=== Section Start ===

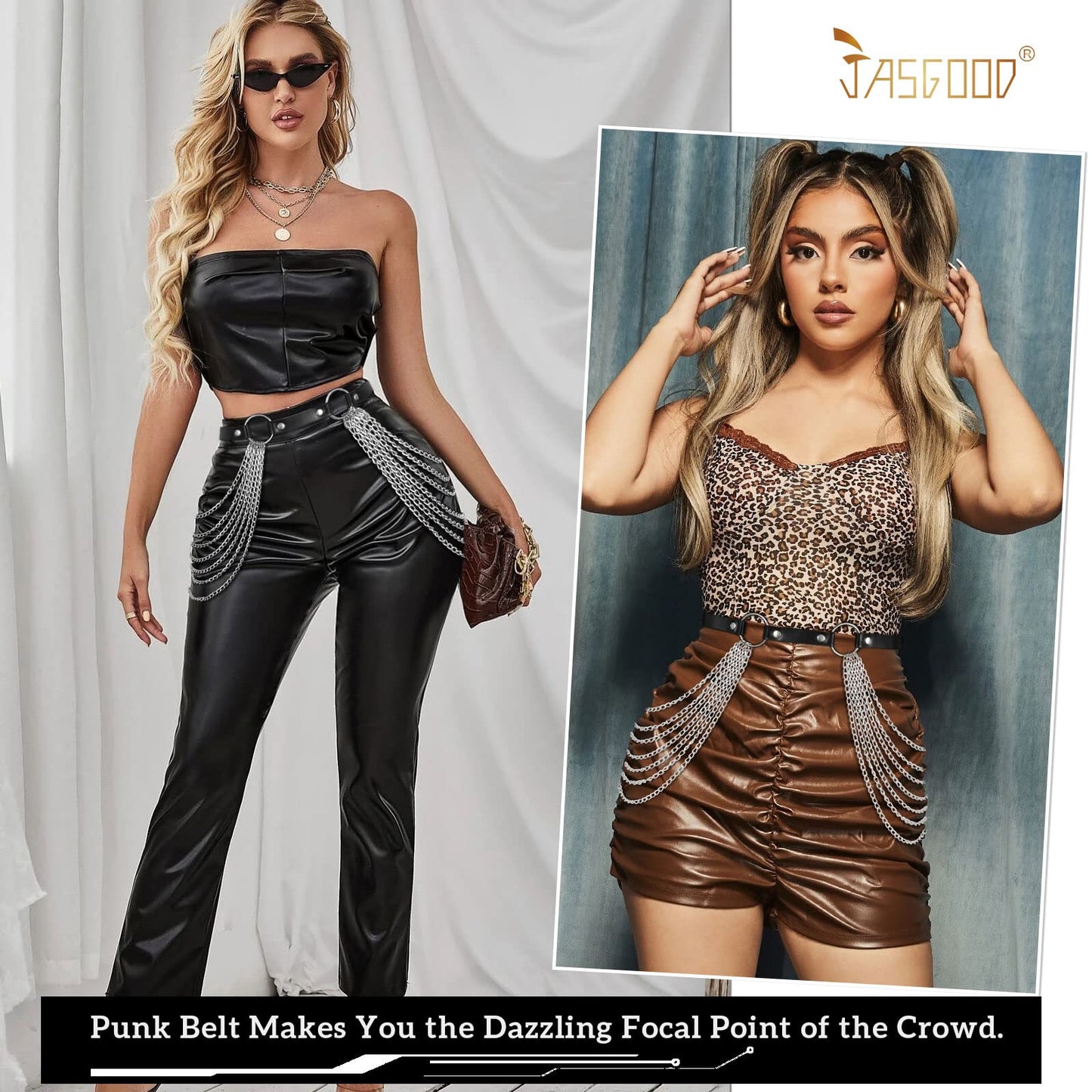 JASGOOD Women Punk Waist Chain Belt Black Leather Layered Belly Body Waist Chains Nightclub Rave Body Chain Belt for Girls,Black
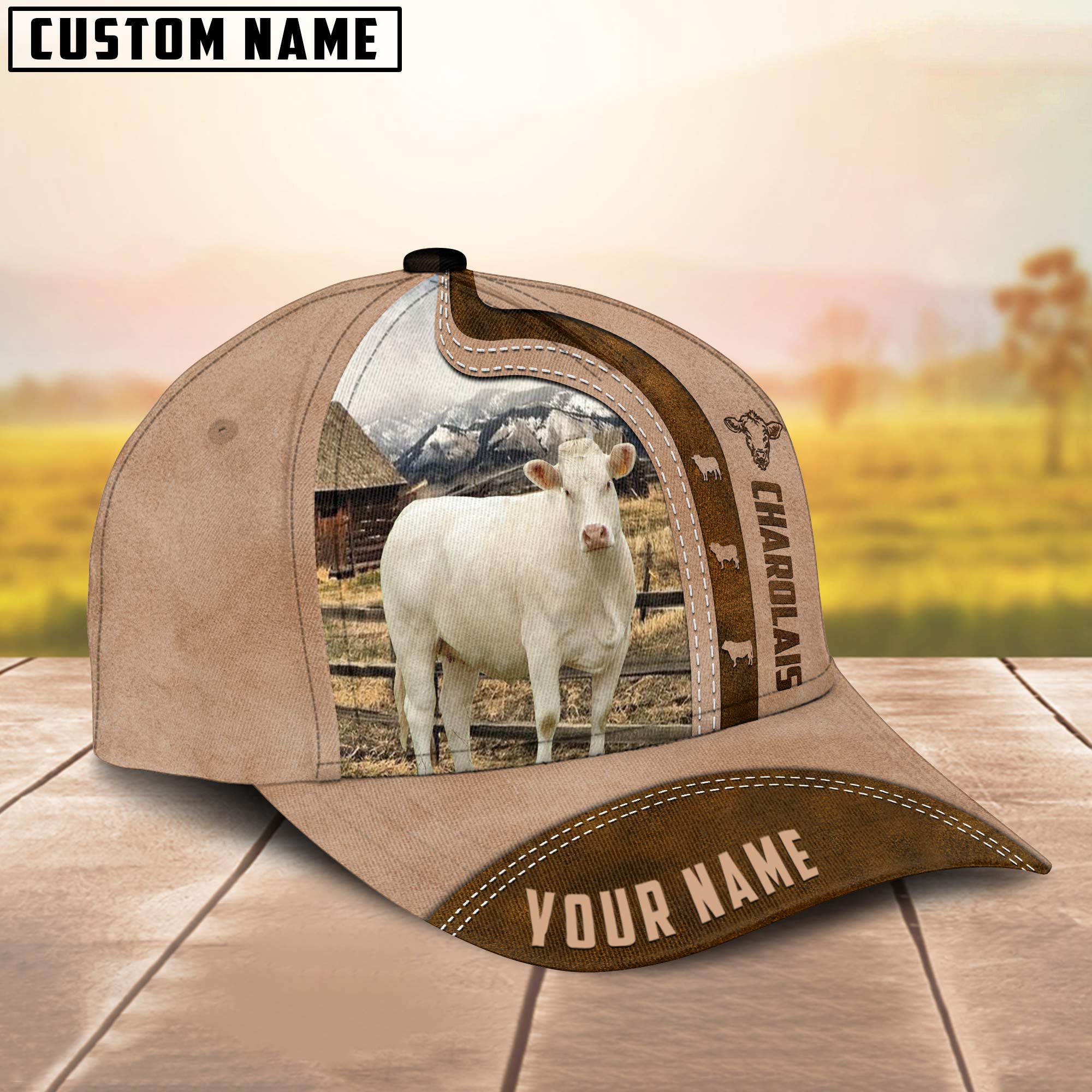 Charolais Custom Name Light Brown Cap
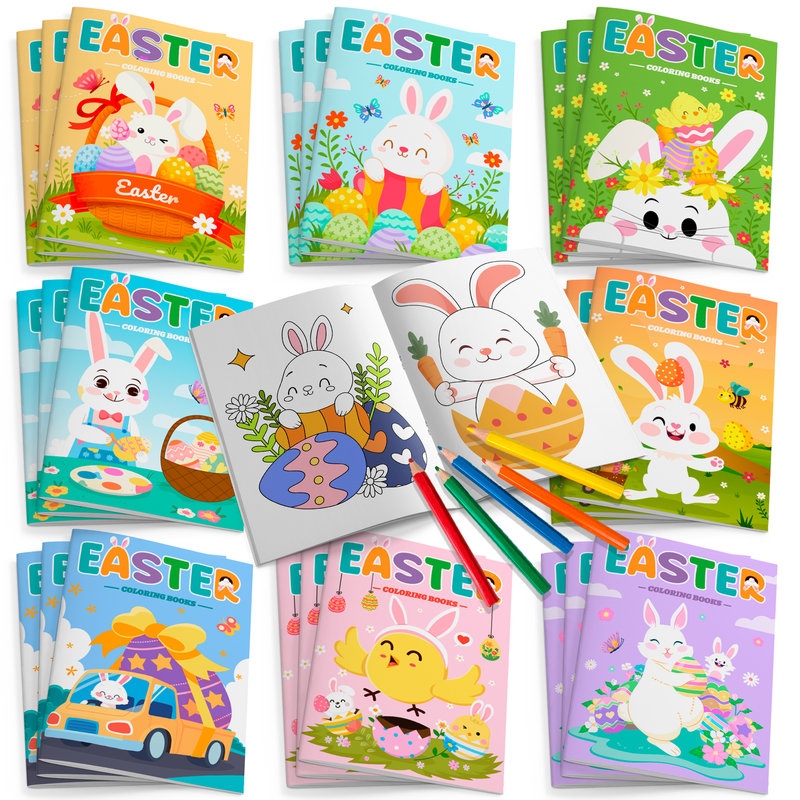 Mini-livres de coloriage de Pâques en vrac, 24 mini-livres de coloriage de Pâques pour enfants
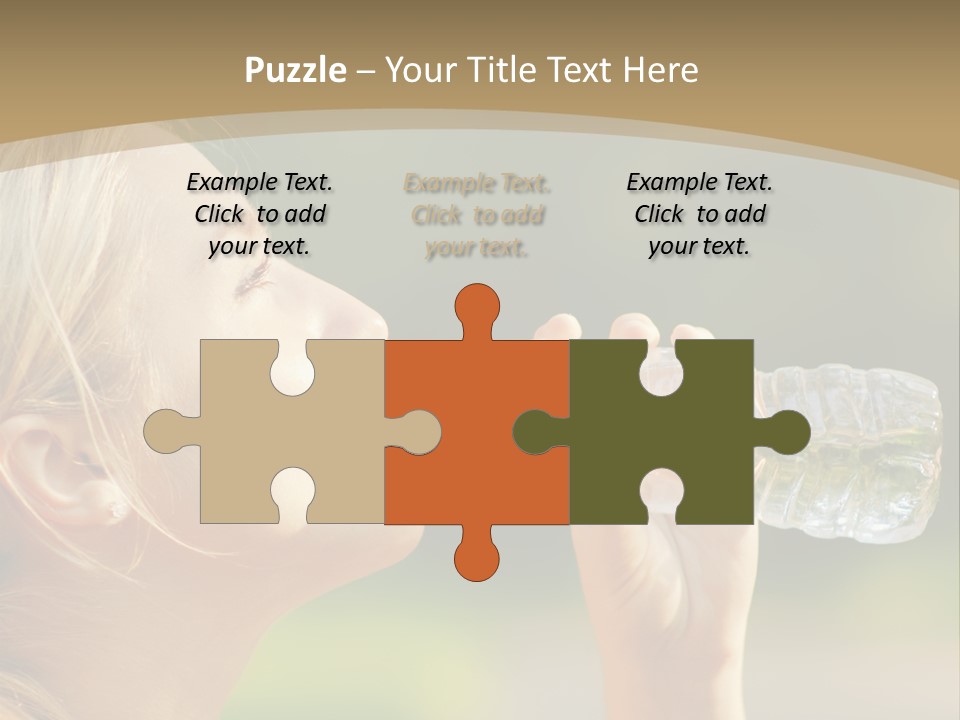 Pretty Young Girl Runner In The Forest. PowerPoint Template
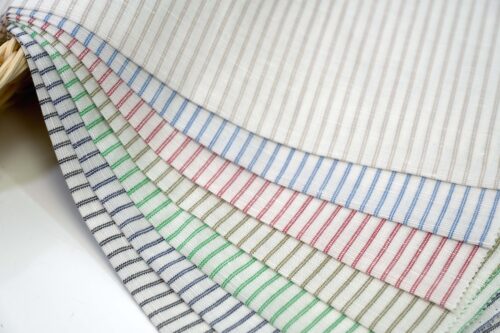 linenschina2961 (1) Tencel Linen Color Stripe - 132g Lightweight, 140cm Width, Summer Freshness - Artistic Wide Lines #2961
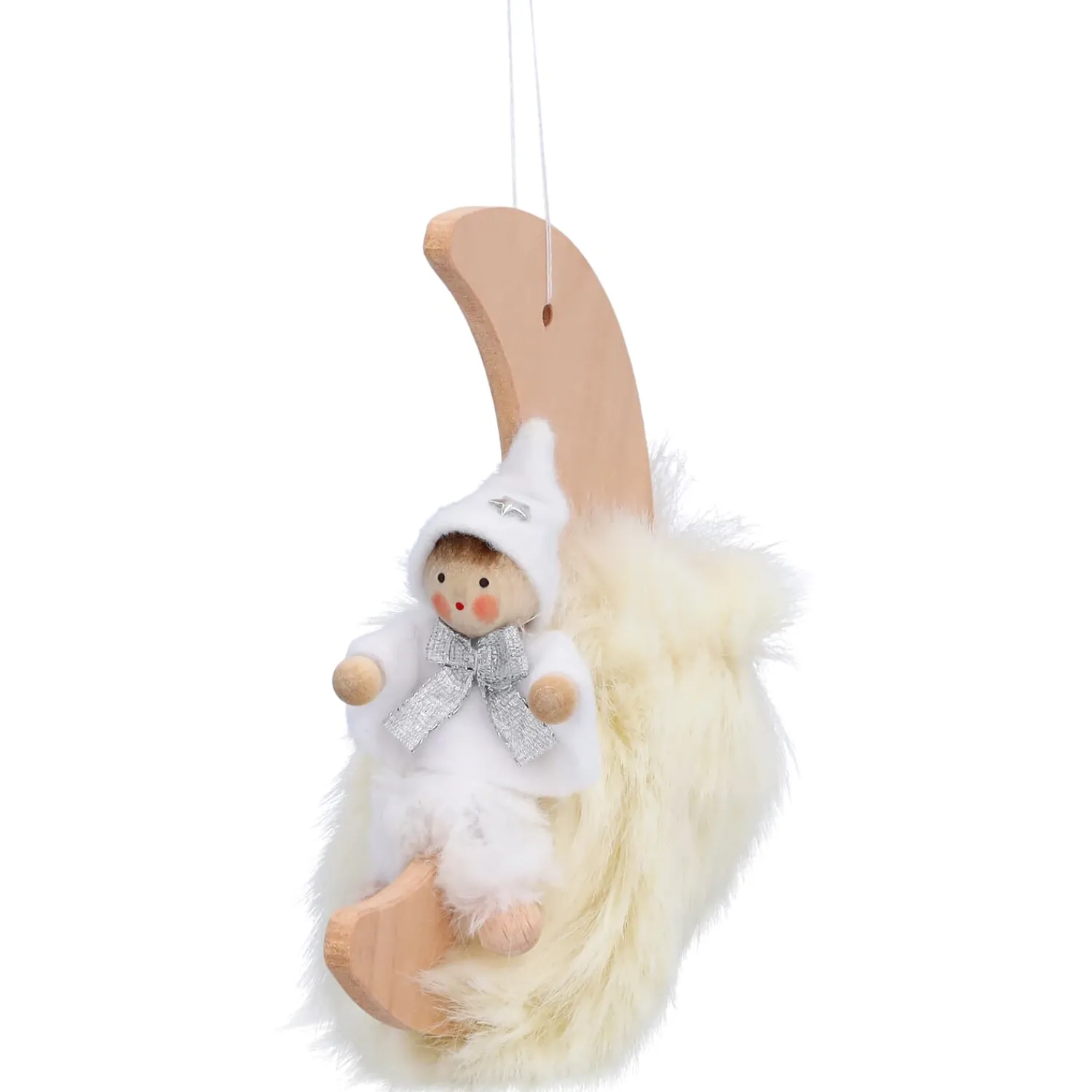 Käthes Original Käthes Original Figuren|Christbaumschmuck Holz-Weihnachtswichtel auf Mond, weiß, Holz-Baumbehang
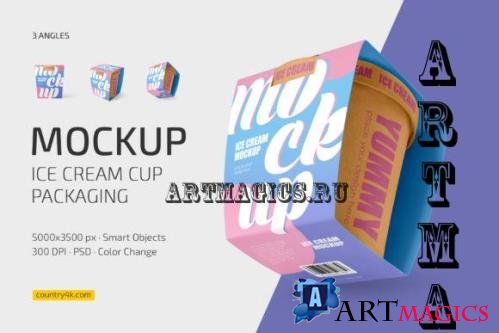 Ice Cream Cup Packaging Mockup Set - 7124989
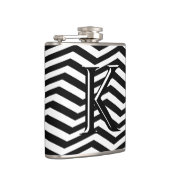 Flasques Élégant noir blanc Chevron Stripe Monogramme perso (Droite)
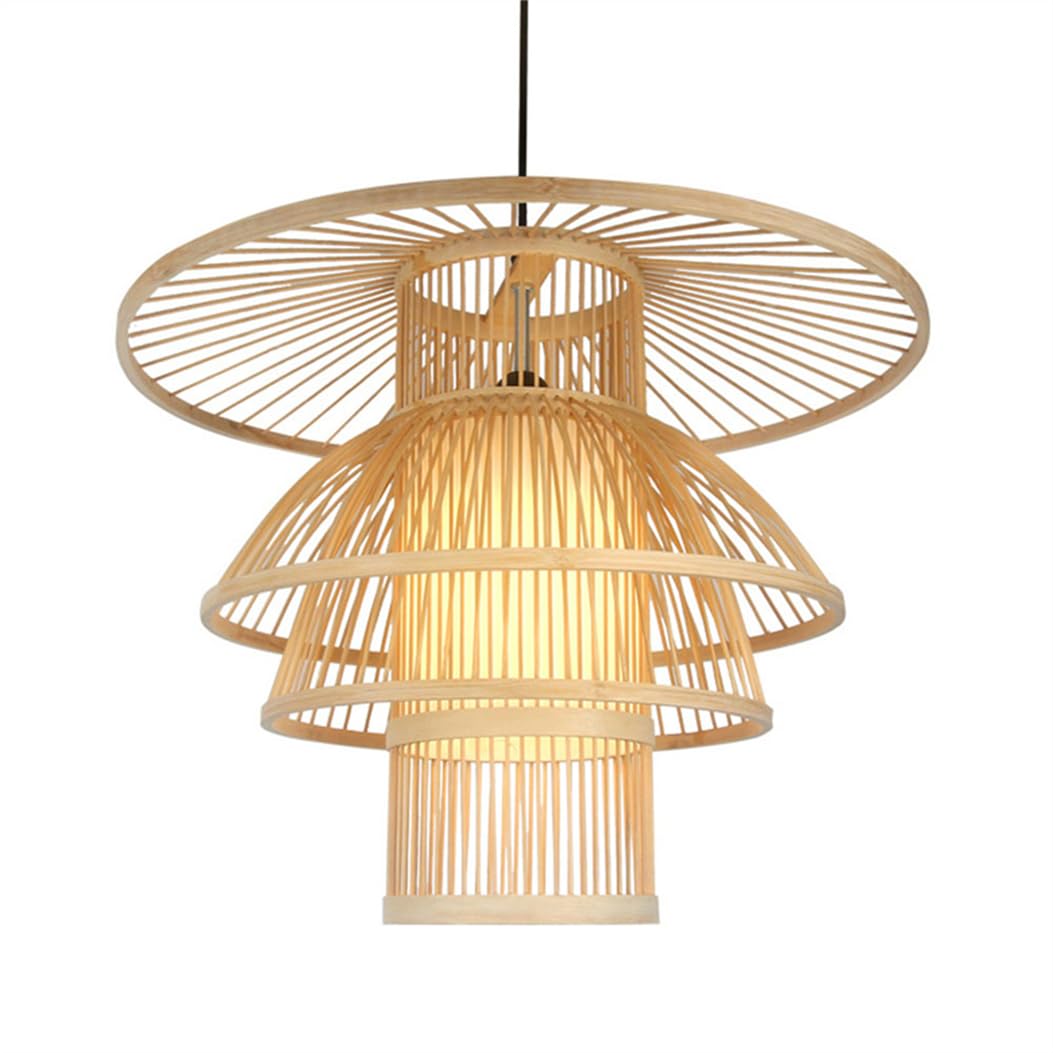SHUANGZ Tropical Southeast Asia Style Chandeliers Natural Bamboo Lamp Shade with Wooden Canopy Lantern Creative Decorative Living Room Chandelier for Farmhouse Barn Dining Room Kitchen
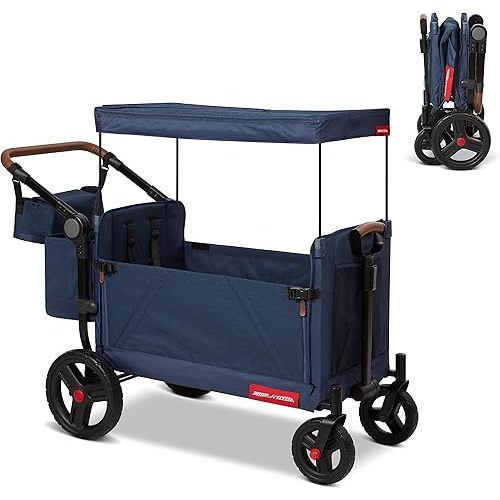 Radio Flyer Atlas Stroll N Wagon, Folding Wagon for 1+ Years - Blue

=== Section End ===

Starting at the line that contains "Ice Cream Cup Packaging Mockup Set - 7124989", retype each line through the end of the data exactly, and leave out every picture.

 Ice Cream Cup Packaging Mockup Set - 7124989
 Flasques Élégant noir blanc Chevron Stripe Monogramme perso (Droite)
SHUANGZ Tropical Southeast Asia Style Chandeliers Natural Bamboo Lamp Shade with Wooden Canopy Lantern Creative Decorative Living Room Chandelier for Farmhouse Barn Dining Room Kitchen
 Radio Flyer Atlas Stroll N Wagon, Folding Wagon for 1+ Years - Blue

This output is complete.